(Image-text web data)
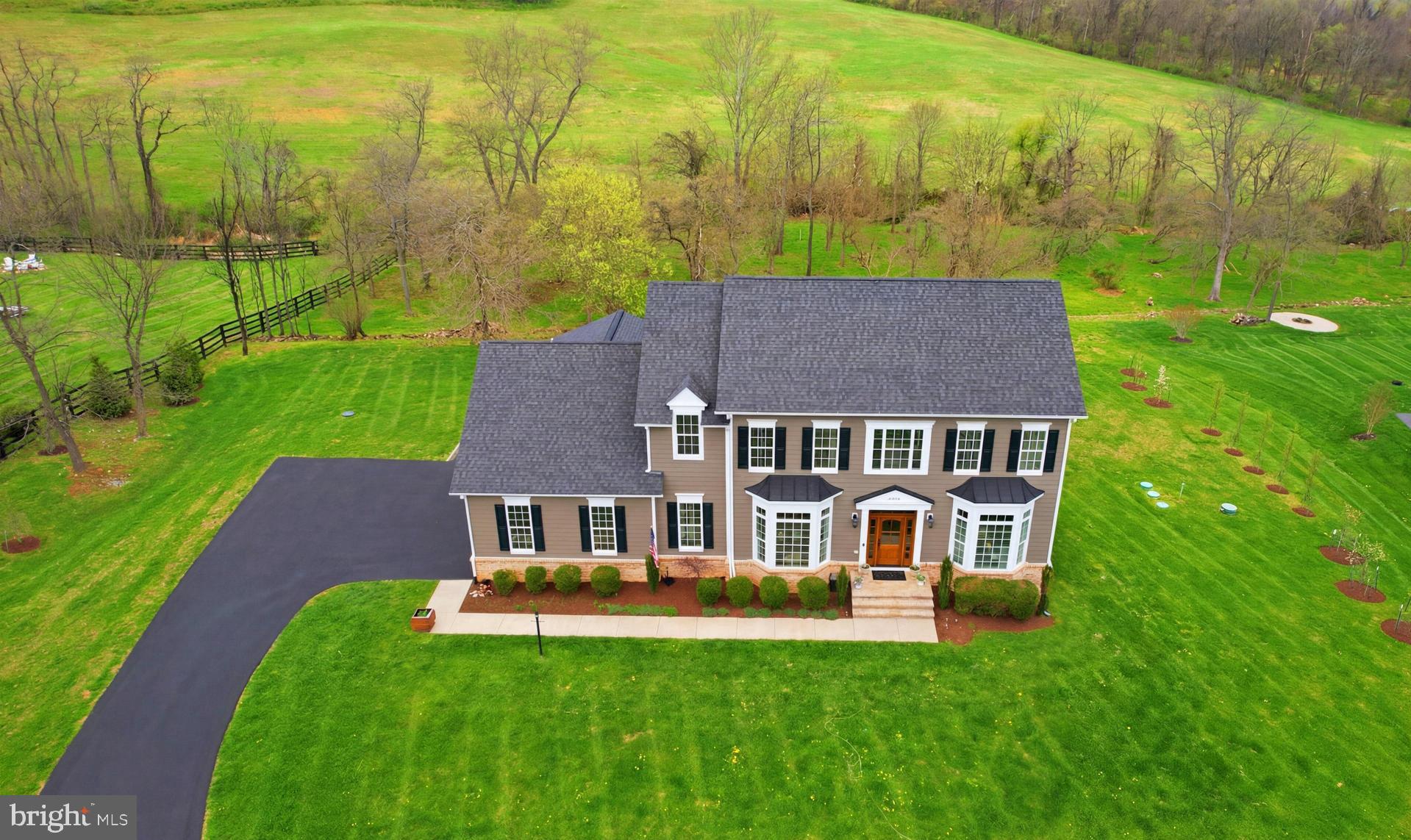 HIGHLANDS - Residential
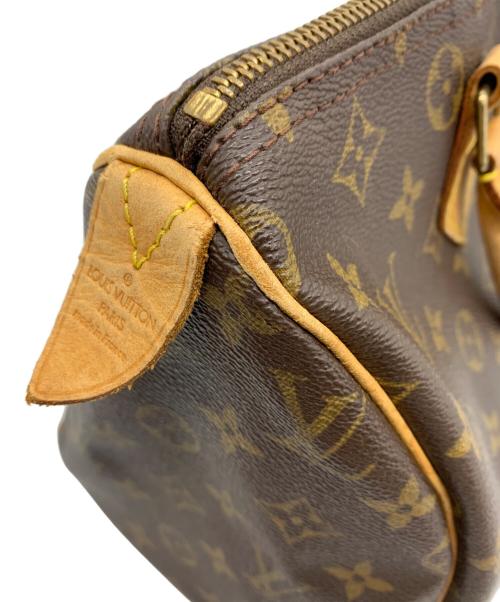 LOUIS VUITTON（ルイ ヴィトン）LOUIS VUITTON (ルイ ヴィトン) スピーディ30の古着・服飾アイテム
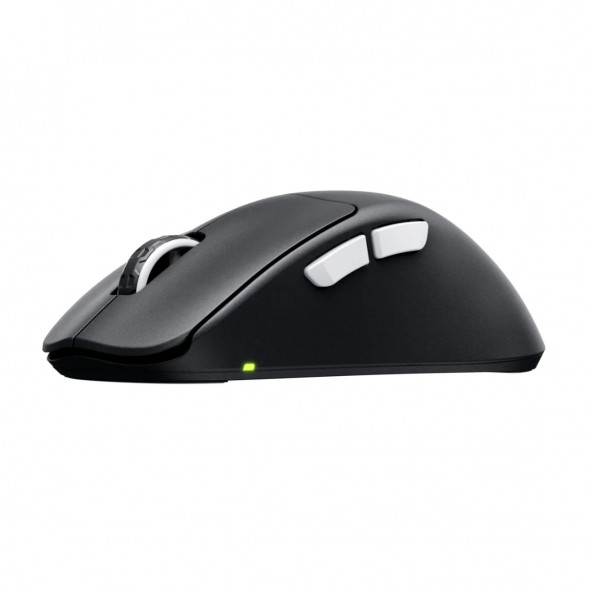 Беспроводная мышь CHERRY XTRFY M64 Pro Wireless, Black в Нижнем Тагиле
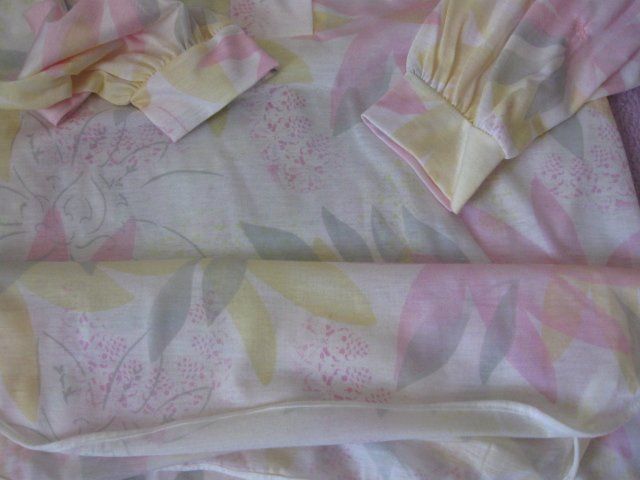 Negligees & Pigiami: ARABELLA DAMEN NACHTHEMD!! – Usato da Zürich venduto da Rwinnie 2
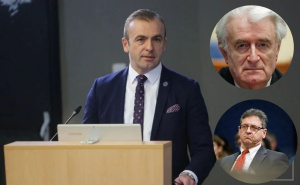 Sead Turčalo za Radiosarajevo.ba: Max Primorac, Karadžićeve tirade i opasna dehumanizacija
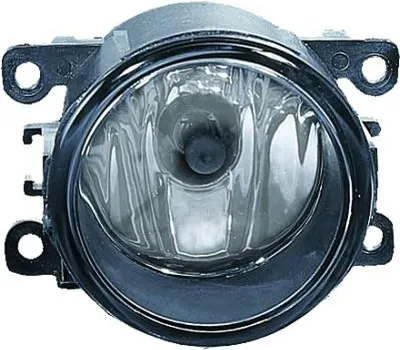 Produktbild von DIEDERICHS 5845988 H11 Nebelscheinwerfer Rechts Links für MITSUBISHI Outlander II SUV (CWW) Nebelleuchte
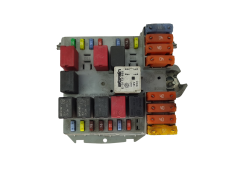 Caja Reles / Fusibles Fiat 51738102 0051738102057657 19597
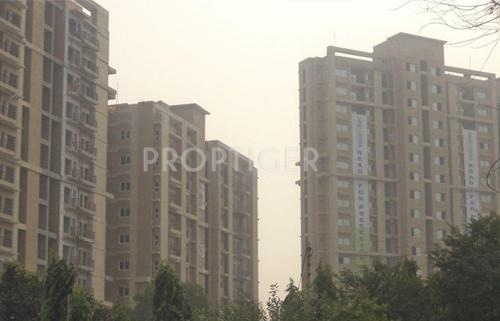 Images for Construction Status of Sidhartha NCR One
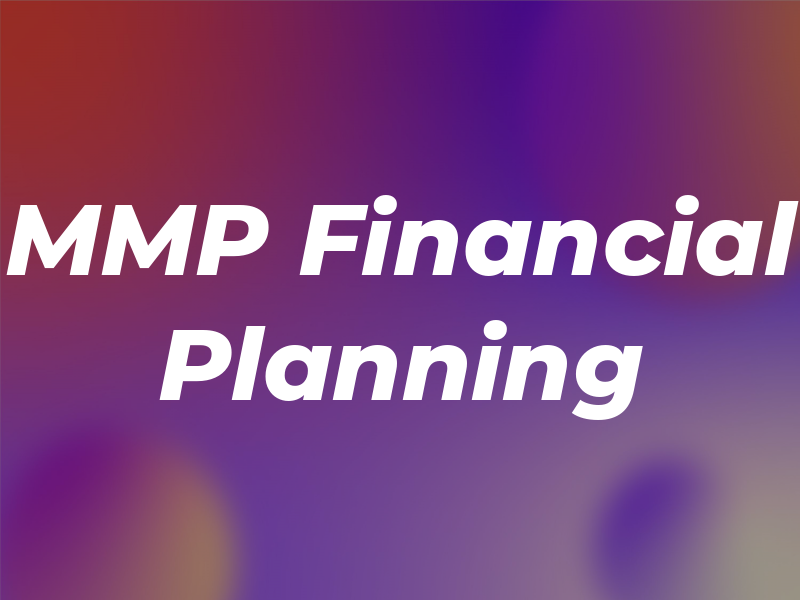 MMP Financial Planning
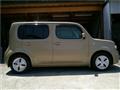 2010 Nissan Cube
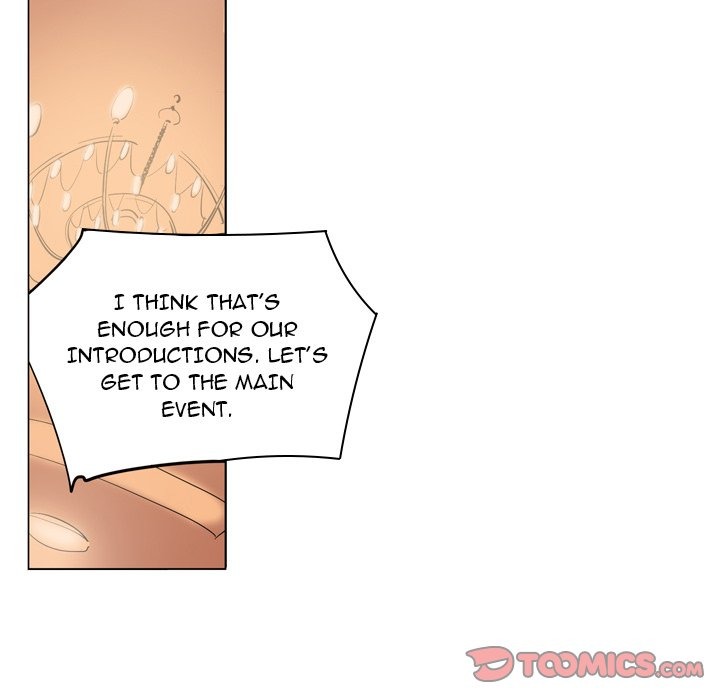 Trouble Drink chapter 9 page 45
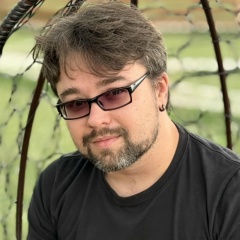 Андрей Грушевский, 20.07, Ангарск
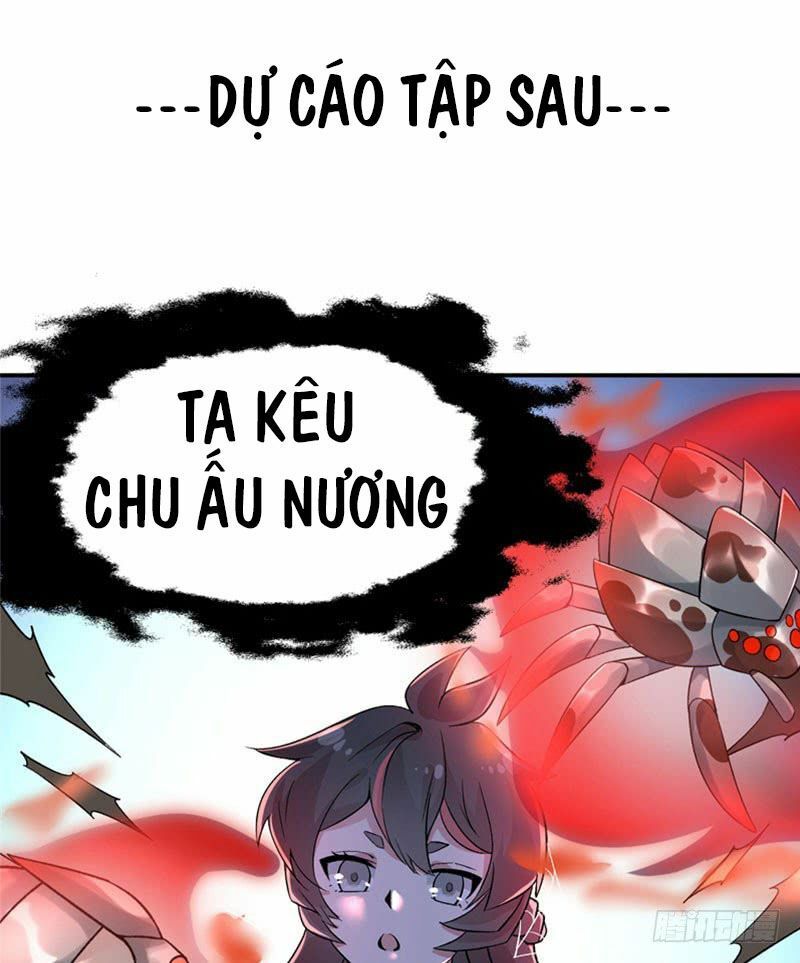 Ta Nhặt Được Thuộc Tính Tại Tu Chân Giới Chap 3 - Next Chap 4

### EXERCISE INSTRUCTIONS
Output every entry above exactly, minus the pictures.

### RESPONSE FOR THIS EXERCISE
 HIGHLANDS - Residential
 LOUIS VUITTON（ルイ ヴィトン）LOUIS VUITTON (ルイ ヴィトン) スピーディ30の古着・服飾アイテム
 Беспроводная мышь CHERRY XTRFY M64 Pro Wireless, Black в Нижнем Тагиле
 Negligees & Pigiami: ARABELLA DAMEN NACHTHEMD!! – Usato da Zürich venduto da Rwinnie 2
 Sead Turčalo za Radiosarajevo.ba: Max Primorac, Karadžićeve tirade i opasna dehumanizacija
 Produktbild von DIEDERICHS 5845988 H11 Nebelscheinwerfer Rechts Links für MITSUBISHI Outlander II SUV (CWW) Nebelleuchte
 Caja Reles / Fusibles Fiat 51738102 0051738102057657 19597
 Images for Construction Status of Sidhartha NCR One
 MMP Financial Planning
 2010 Nissan Cube
 Trouble Drink chapter 9 page 45
 Андрей Грушевский, 20.07, Ангарск
 Ta Nhặt Được Thuộc Tính Tại Tu Chân Giới Chap 3 - Next Chap 4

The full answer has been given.